ALPHA COPPER ANNOUNCES DEFINITIVE AGREEMENT TO ACQUIRE OKEOVER PROJECT

VANCOUVER, British Columbia, September 25, 2023 – Alpha Copper Corp. (CSE: ALCU) (OTC: ALCUF) (FWB: PP0) (“Alpha Copper” or the “Company”), a resource sector enterprise founded to create value through mineral exploration, technical development, and asset acquisition, is pleased to announce that it has entered into a definitive agreement (the “Agreement”) with Northwest Copper Corp. (the “Seller”), pursuant to which it proposes to acquire a 100% undivided legal and beneficial interest in the Okeover Copper (molybdenum) Project (the “Okeover Project”), which encompasses twelve (12) mineral claims comprising approximately 4,613 hectares located in the Province of British Columbia (the “Acquisition”).

Pursuant to the Agreement, the Company has agreed to issue to the Seller that number of common shares of the Company (the “Shares”) having an aggregate value of $500,000 at a deemed price per Share equal to the current market price, to be calculated in accordance with the terms of the Agreement.

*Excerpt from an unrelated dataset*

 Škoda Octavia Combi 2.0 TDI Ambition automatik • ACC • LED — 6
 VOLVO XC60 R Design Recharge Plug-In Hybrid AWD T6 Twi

One-half (50%) of the Shares will be subject to a 12-month lock-up and the Seller has agreed not to sell, dispose of or otherwise transfer the Shares until released from lock-up. The Seller has granted the Company an irrevocable right of first refusal to repurchase the Shares should the Seller decide to sell them in the future. In addition, the Company granted to the Seller a 2% net smelter returns royalty on the Okeover Project (the “Royalty”) subject to the Company’s buyback option of one-half (1%) of the Royalty for an aggregate consideration of $1,000,000. The Shares will also be subject to a statutory hold period in accordance with applicable securities laws. Closing of the Acquisition remains subject to the satisfaction or waiver of various closing conditions, including the receipt of all necessary regulatory approvals, including acceptance by the Canadian Securities Exchange.

About Alpha Copper Corp. (CSE: ALCU) (OTC: ALCUF) (FWB: PP0)

Alpha Copper is focused on contributing to the green economy by finding and developing copper resource assets in stable jurisdictions. The Company is positioned to earn a 60-per-cent interest in the Indata copper-gold project located in north-central British Columbia. After the acquisition of Cavu Energy Metals, the Company holds an option to acquire 100% of the Star copper-gold porphyry project in the Golden Triangle of British Columbia, as well as an option to acquire up to 70% of the Hopper copper-gold porphyry project in the southern Dawson Range copper-gold belt of the southwestern Yukon, and further including the 100% owned Quesnel project in the middle of the Quesnel Trough, host to a number of alkalic copper-gold porphyry deposits running northwest across western British Columbia.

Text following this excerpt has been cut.